The opportunity for suppliers to join the government's £60m G-Cloud framework is drawing to a close, according to Mark O'Neill, proposition director for innovation and delivery at the Government Digital Service (GDS). "We plan to launch the first tranche of the G-Cloud catalogue in March," O'Neill told the Cloud Expo event in …
disaggregate means 'to fall apart" doesn't it?
The only thing I've printed in years is letters.
And that without cloud-y anything. Amazing, isn't it?
So, what he's really saying is that gov't IT is a jumble of oversold proprietary systems that don't work very well but nonetheless cannot easily be pried apart. And the magic bullet to solve it is to "go cloud".
I can see seamless expansion of capacity while decomissioning the old systems as a valid point, with as only drawbacks paying for the privilege, more depending on networking and thus also raising bandwidth bills, and, oh, making over-expanding and becoming even more reliant on the new jumble with less leeway to get out, even easier. Other than that it's a fine plan. Clearly the bloke subscribes to the "three letters" style of management. As in, the next round of upgrades will only be somewhere after the next bloke steps in and using a new and shiny different buzzword. As a management vision it seems rather limited. Carry on government.
Not one-size fits all
If the government can stop running hundreds of Exchange servers and instead centralise those into the "cloud", then that's great news for us tax payers. There's a nice bit of cost saving which oughtn't be too much of a strain for the departments involved.
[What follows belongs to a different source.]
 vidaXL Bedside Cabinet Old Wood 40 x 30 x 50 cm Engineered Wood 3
What I wonder about really is the multi-million pound projects to put government workers paylips on the intranet, or do all your employee HR functions online, or *shudder* put all of the public's medial records on to some electronically accessible solution. These are all 'custom' applications, which have thousands of hours of consultancy and development behind them. This is also where I suspect the lions share of wasted expense comes from. I can't see this G-Cloud really helping there.
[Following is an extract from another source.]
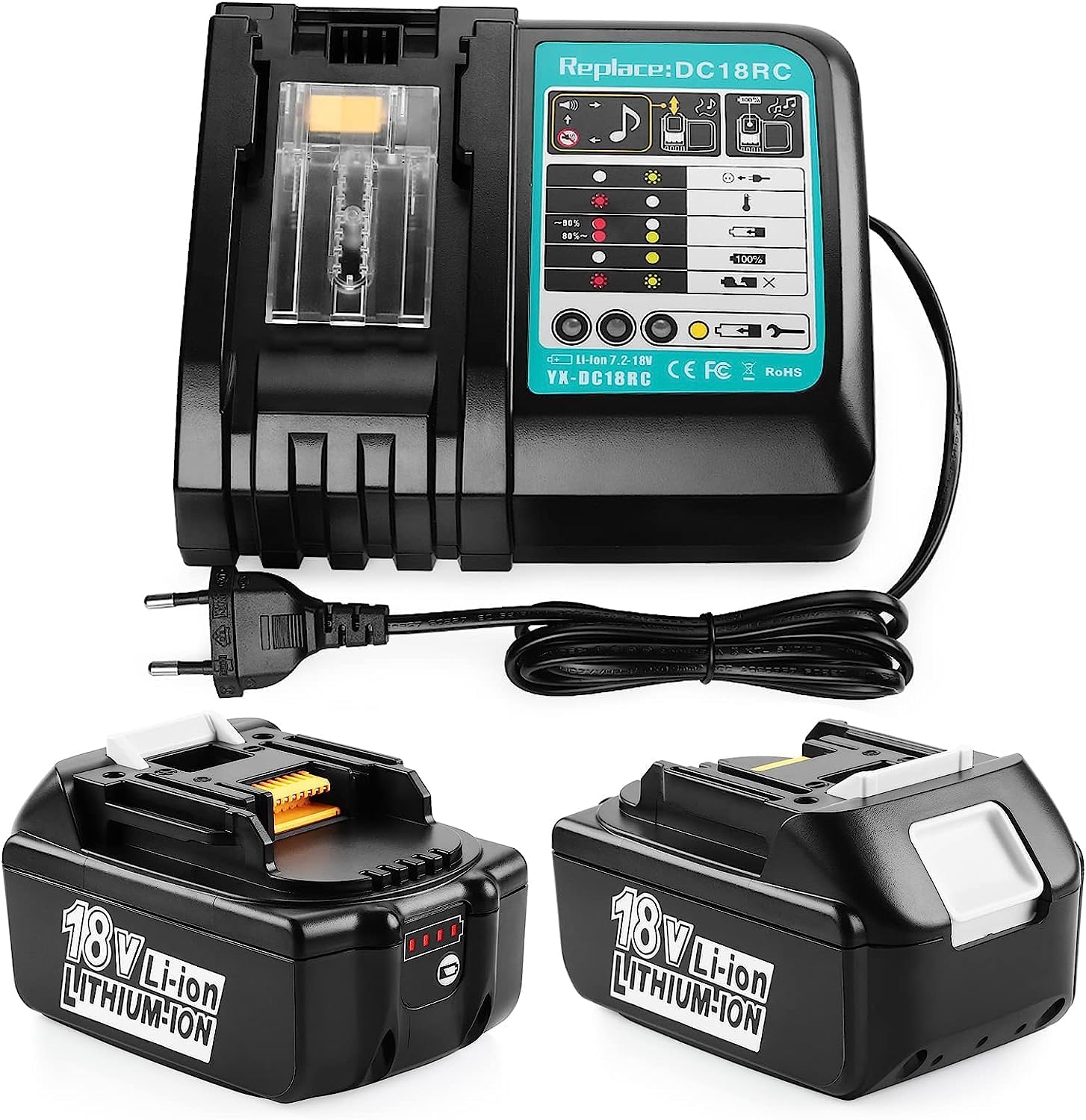 Bonadget 4A DC18RC Fast Battery Charger Compatible With Makita 14.4V - View #6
All said and done though, getting anything centralised and cut the duplication of effort has got to be a good thing.
Not quite that simple...
Although I agree in principle (about not running hundreds of exchange servers), centralising them into clouds does not in and of iteself make savings at any point.
First, you are increasing WAN networking load and potentially increasing bandwidth to another party. WAN costs are easilly the most expensive commodity I buy (off framework), and bandwidth is always at a premium. I have three "cloud" options available on current Buying Solutions frameworks, and even with staff and license reductions, none would "save" enough to pay for the bandwidth hike alone, let alone the change costs. Don't think the Audit and Risk groups would approve the move to a system with so many single points of failure for ALL systems either!
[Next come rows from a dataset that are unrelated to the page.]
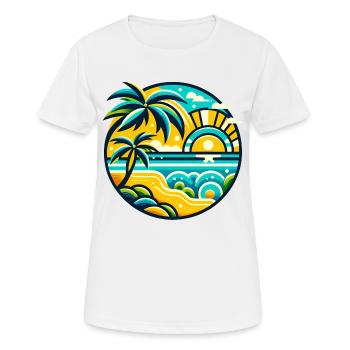 tropical paradise - Frauen T-Shirt atmungsaktiv - Weiß - Vorne - AI Model Female 172 dark (172cm)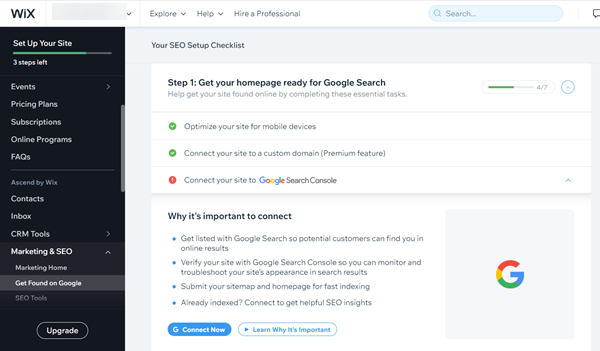 WIX SEO Tools & Elements
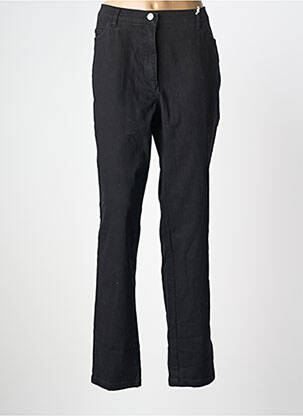 Jeans coupe droite stretch taille normale noir TONI femme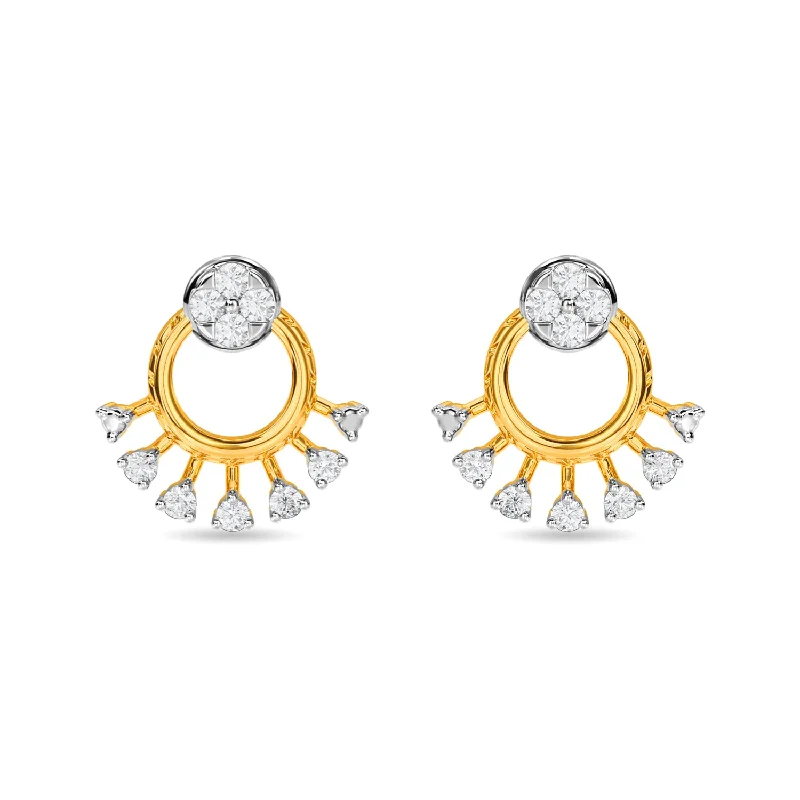 elegant gold earrings for women-Nianh Earring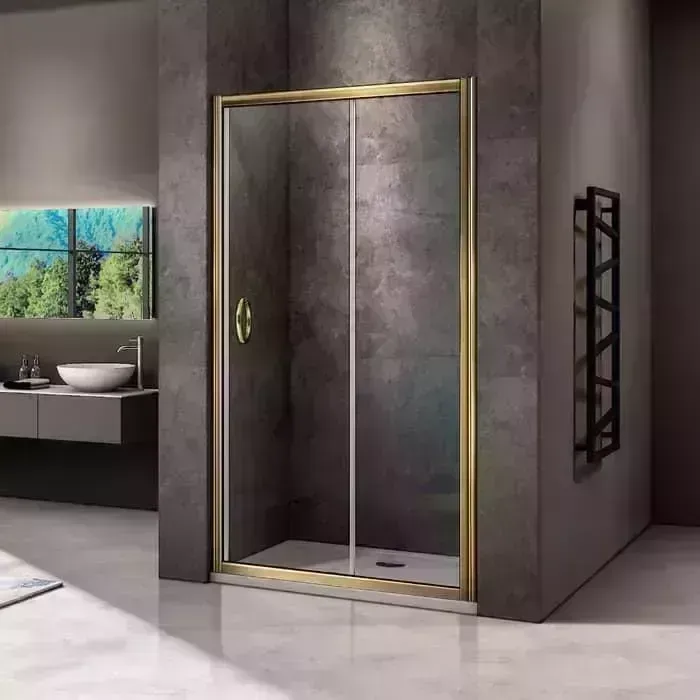 Душевая дверь Good Door Jazz WTW 110х185 прозрачная, золото (WTW-110-C-G)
Second, we're all at the virtualisation and storage centralisation game now, and x86 hardware is phenominally cheap for the loads we can run. Our DMZ servers cost 1/10th (invoice price, not depreciated) than the 6 year old kit they replaced last year, and are way more powerful and vastly more power efficient. If it's "outsourced", however you figure that, you ARE paying profit margins... the providers are in this for their shareholders, not the public!
But I do agree about the ill-though out projects! THAT is where the real waste lives, breathes and lines corporate pockets.
shouldnt all eggs(NOT) be in 1 basket?
it then makes for a less appealing single point of utter failure or such a massive juicy target for any passing Orbital Ion Cannons being operated by any number of hostile nations or megla-manical media control groups... looking to make a point.
He's the one...
...responsible for the billions wasted - is that what he said?
I cannot imagine how much his desktop did cost if he's managing to save 80% - obvious where the waste was centred.
"I've not printed anything for 6 months" <--- EITHER He does not work in real world, OR he is dissembling, as I am sure he's used something printed in the last 6 months.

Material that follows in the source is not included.